The USD/CHF pair is trading around 0.8980 during the European session on Thursday, maintaining proximity to its two-week high of 0.8983, achieved on Wednesday. Investors are eagerly awaiting the release of the US GDP Annualized (Q1) report, expected later in the North American session, which is projected to show a slight increase to 1.4% from the previous 1.3%.
The US Dollar (USD) is experiencing pressure due to traders’ anticipation of Friday’s Core PCE Price Index inflation report, which is forecasted to decline year-over-year to 2.6% from 2.8%. This data is critical as it is regarded as the Federal Reserve’s (Fed) preferred measure of inflation. Market participants are hopeful that signs of easing inflation will prompt the Fed to consider rate cuts sooner rather than later.

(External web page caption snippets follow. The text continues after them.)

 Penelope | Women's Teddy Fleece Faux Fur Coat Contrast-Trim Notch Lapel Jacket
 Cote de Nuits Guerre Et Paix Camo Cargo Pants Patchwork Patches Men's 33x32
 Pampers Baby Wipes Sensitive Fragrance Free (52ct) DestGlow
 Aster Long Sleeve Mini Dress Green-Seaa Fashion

The US Dollar Index (DXY), which tracks the value of the USD against six major currencies, may find support from higher US Treasury yields, with 2-year and 10-year yields at 4.75% and 4.33%, respectively, at the time of writing.

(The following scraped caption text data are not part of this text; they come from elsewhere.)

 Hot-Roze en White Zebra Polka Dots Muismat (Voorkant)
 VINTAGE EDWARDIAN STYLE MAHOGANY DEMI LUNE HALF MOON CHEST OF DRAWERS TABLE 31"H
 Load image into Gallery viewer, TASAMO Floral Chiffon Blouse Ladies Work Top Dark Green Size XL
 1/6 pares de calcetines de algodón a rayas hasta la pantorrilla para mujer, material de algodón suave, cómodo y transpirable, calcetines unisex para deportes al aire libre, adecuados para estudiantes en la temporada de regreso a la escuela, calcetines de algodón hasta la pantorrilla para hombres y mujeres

Fed Governor Michelle Bowman reiterated on Tuesday her belief that maintaining the current policy rate for some time will likely be sufficient to control inflation. Concurrently, Fed Governor Lisa Cook mentioned that cutting interest rates “at some point” would be appropriate given the significant progress on inflation and the gradual cooling of the labor market, though she did not specify the timing.

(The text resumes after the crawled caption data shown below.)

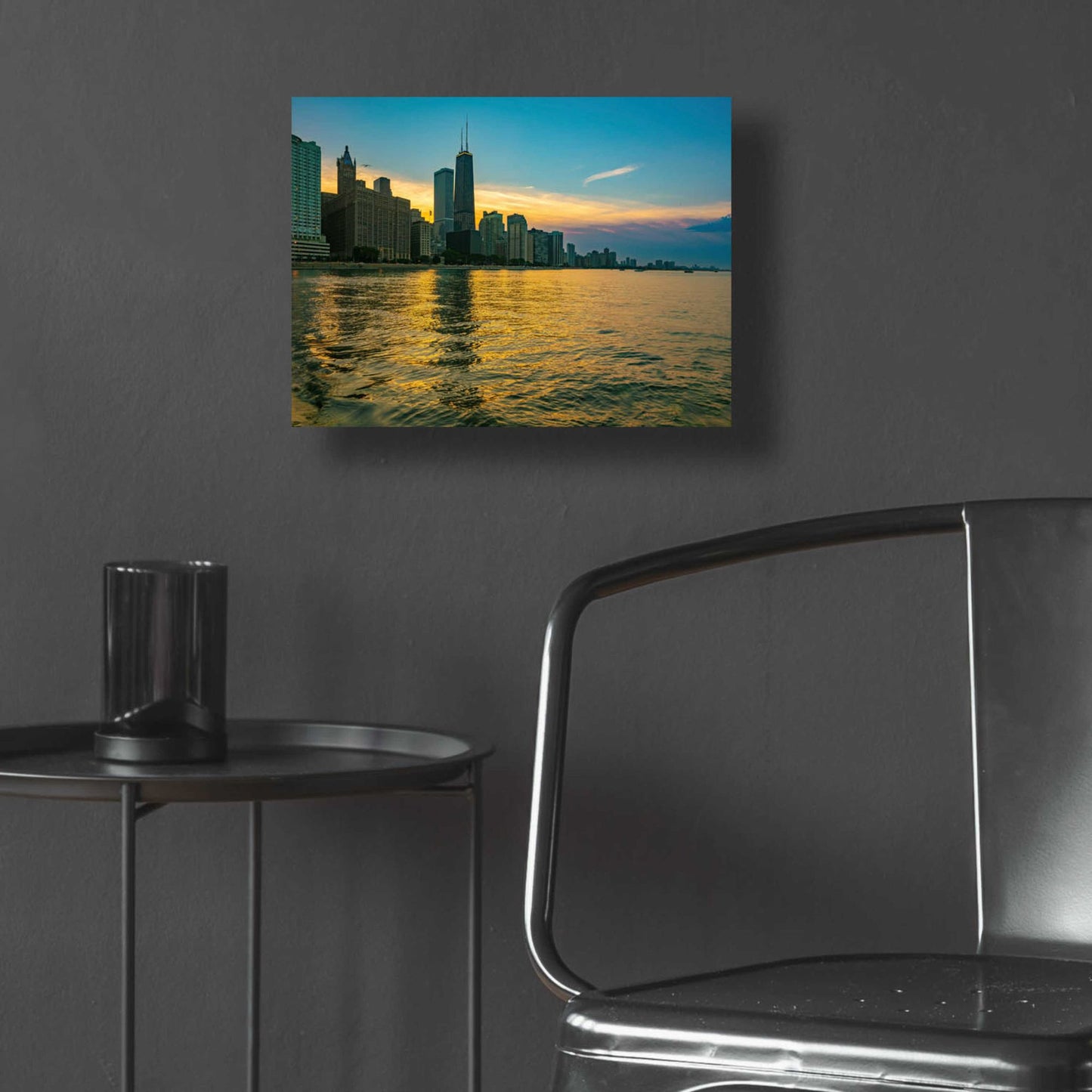 Epic Art 'AMazign Sunset in Chicago' by Epic Portfolio, Acrylic Glass Wall Art,16x12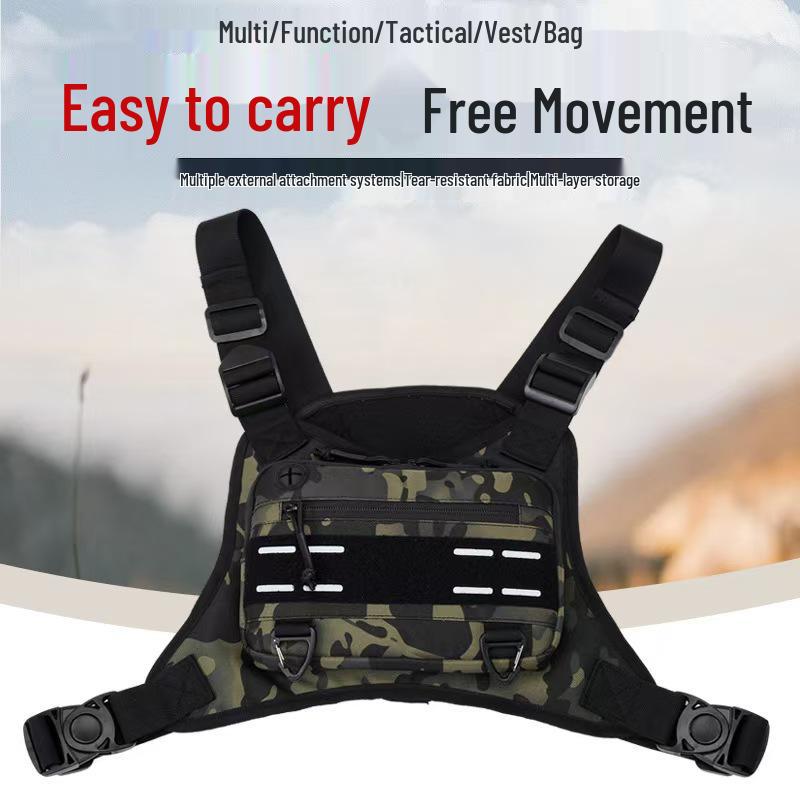 Pánská venkovní taktická vesta - Multifunkční náprsní taška pro trénink, běh a fitness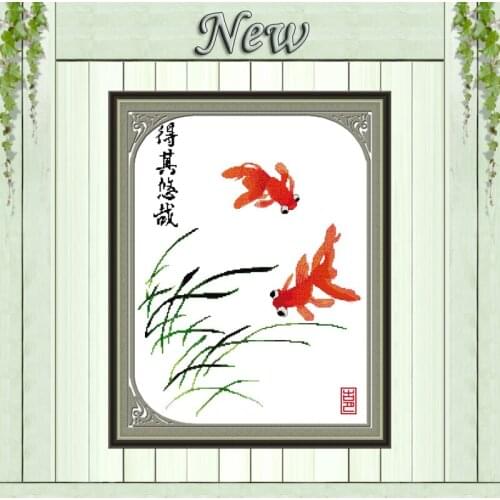 Leisure goldfish home decor paintings counted print on canvas DMC 14CT 11CT Chinese Cross Stitch Needlework Sets Embroidery kits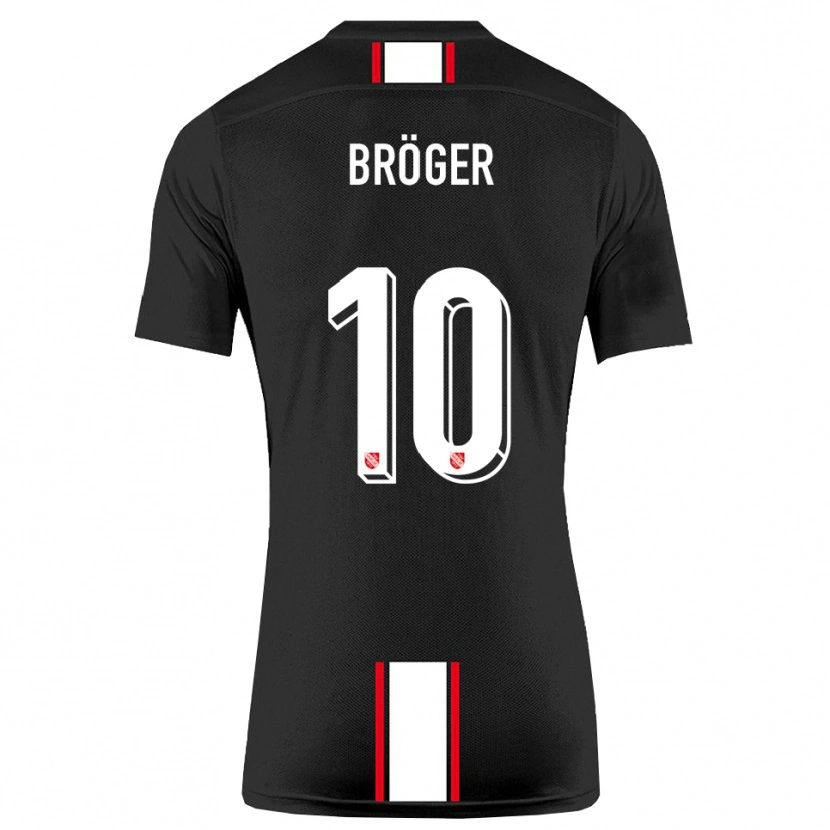 Danxen Homem Camisola Linus Bröger #10 Preto Branco Alternativa 2025/26 Camisa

On the Swiss front, the economic calendar is sparse, leaving the USD/CHF pair largely influenced by broader market trends and US economic data. However, the KOF Swiss Economic Institute is expected to release the Swiss Leading Indicator for June on Friday, anticipated to show an improved reading of 101.0 compared to the previous 100.3.
This combination of US economic reports and Swiss data will likely guide the future movement of the USD/CHF pair as traders react to evolving market conditions and central bank signals.